3

Following up on old post here.

I am iterating over flatProduct.Catalogs slice and populating my productCatalog concurrent map in golang. I am using upsert method so that I can add only unique productID's into my productCatalog map.

Below code is called by multiple go routines in parallel that is why I am using concurrent map here to populate data into it. This code runs in background to populate data in the concurrent map every 30 seconds.

var productRows []ClientProduct
err = json.Unmarshal(byteSlice, &productRows)
if err != nil {
    return err
}
for i := range productRows {
    flatProduct, err := r.Convert(spn, productRows[i])
    if err != nil {
        return err
    }
    if flatProduct.StatusCode == definitions.DONE {
        continue
    }
    r.products.Set(strconv.Itoa(flatProduct.ProductId, 10), flatProduct)
    for _, catalogId := range flatProduct.Catalogs {
        catalogValue := strconv.FormatInt(int64(catalogId), 10)
        r.productCatalog.Upsert(catalogValue, flatProduct.ProductId, func(exists bool, valueInMap interface{}, newValue interface{}) interface{} {
            productID := newValue.(int64)
            if valueInMap == nil {
                return map[int64]struct{}{productID: {}}
            }
            oldIDs := valueInMap.(map[int64]struct{})
            
            // value is irrelevant, no need to check if key exists 
            // I think problem is here
            oldIDs[productID] = struct{}{}
            return oldIDs
        })
    }
}

And below are my getters in the same class where above code is there. These getters are used by main application threads to get data from the map or get the whole map.

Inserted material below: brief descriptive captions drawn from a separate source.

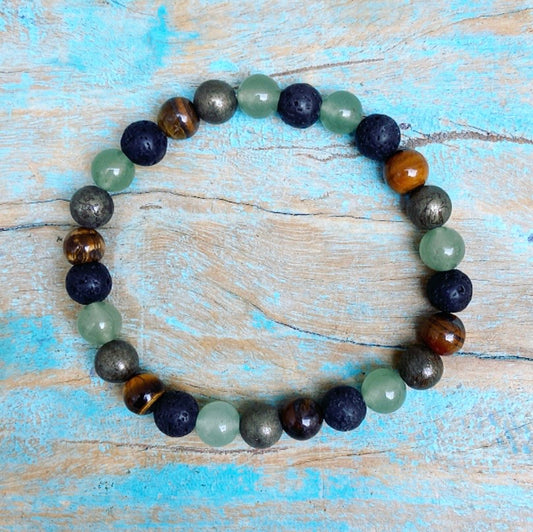 Armband Tijgeroog, Lavasteen, Aventurijn en Pyriet "STEVIG STAAN"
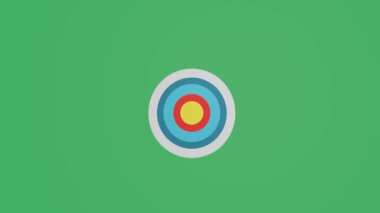 4k Okçuluk Kağıt Hedefi Yeşil ekranda, değişik yönlerde, 3D animasyon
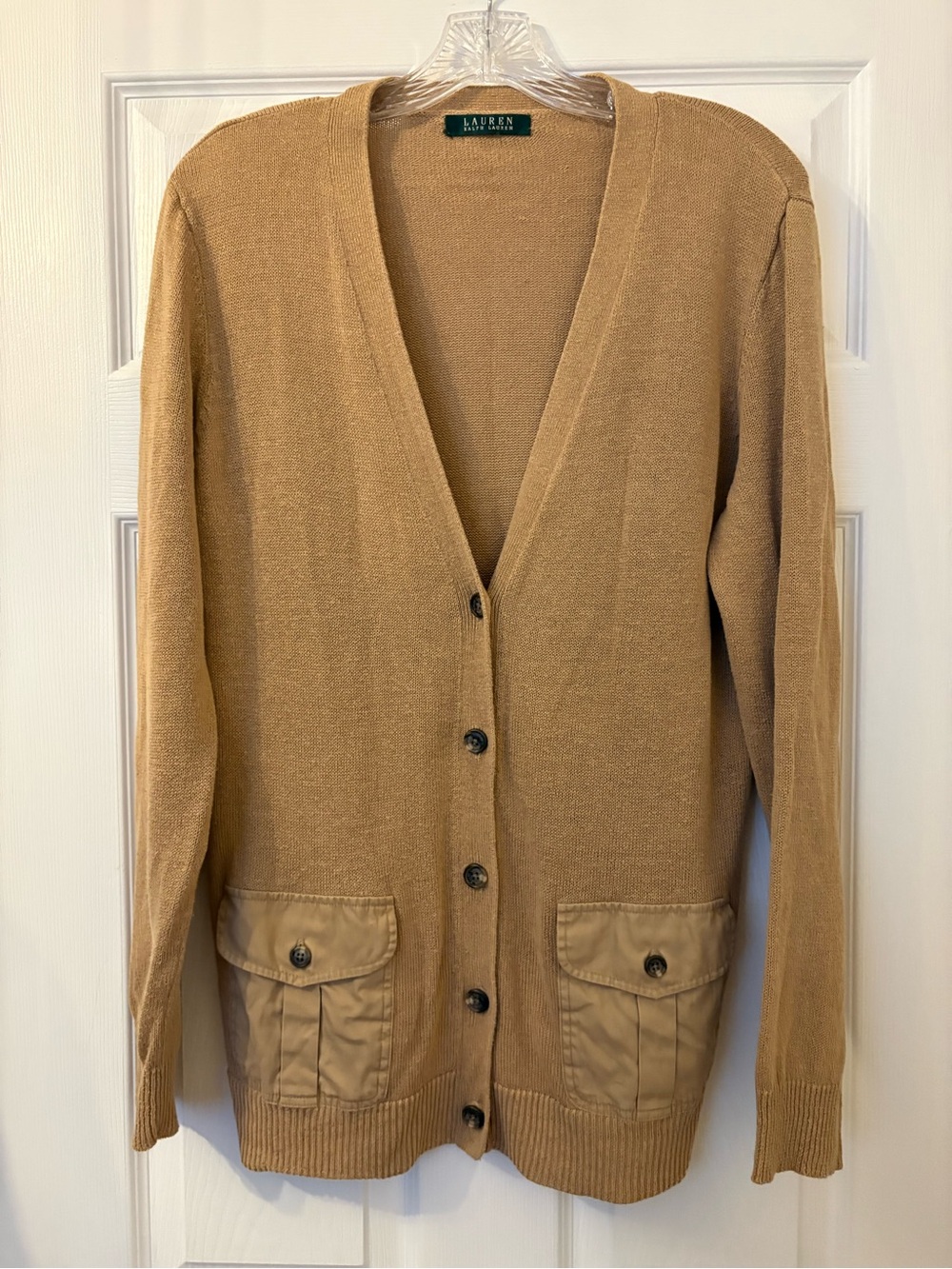 Lauren Ralph Lauren Tan Button Front Cardigan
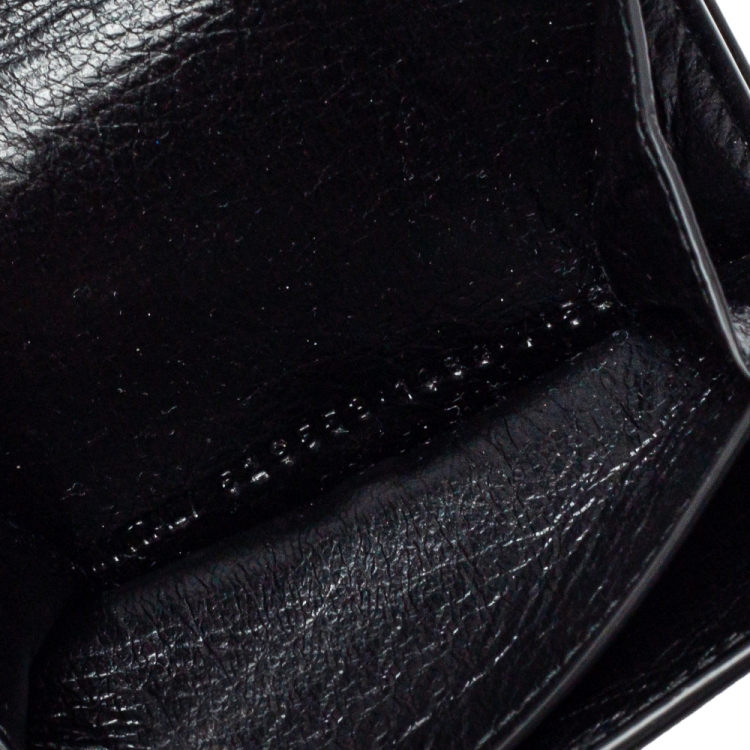 Pre Owned Balenciaga Black Leather Carry Graffiti Wallet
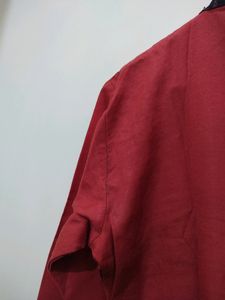 Red embroidered Kurta With Black Trim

func (r *clientRepository) GetProductMap() *cmap.ConcurrentMap {
    return r.products
}

func (r *clientRepository) GetProductCatalogMap() *cmap.ConcurrentMap {
    return r.productCatalog
}

func (r *clientRepository) GetProductData(pid string) *definitions.FlatProduct {
    pd, ok := r.products.Get(pid)
    if ok {
        return pd.(*definitions.FlatProduct)
    }
    return nil
}

This is how I am reading data from this productCatalog cmap but my system is crashing on the below range statement -

// get productCatalog map which was populated above
catalogProductMap := clientRepo.GetProductCatalogMap()
productIds, ok := catalogProductMap.Get("211")
data, _ := productIds.(map[int64]struct{})

// I get panic here after sometime
for _, pid := range data {
  ...
}

Error I am getting as - fatal error: concurrent map iteration and map write.

I think issue is r.productCatalog is a concurrentmap, but oldIDs[productID] is a normal map which is causing issues while I am iterating in the for loop above.

How can I fix this race issue I am seeing? One way I can think of is making oldIDs[productID] as concurrent map but if I do that approach then my memory increase by a lot and eventually goes OOM. Below is what I have tried which works and it solves the race condition but it increases the memory by a lot which is not what I want -

r.productCatalog.Upsert(catalogValue, flatProduct.ProductId, func(exists bool, valueInMap interface{}, newValue interface{}) interface{} {
    productID := newValue.(int64)
    if valueInMap == nil {
        // return map[int64]struct{}{productID: {}}
        return cmap.New()
    }
    // oldIDs := valueInMap.(map[int64]struct{})
    oldIDs := valueInMap.(cmap.ConcurrentMap)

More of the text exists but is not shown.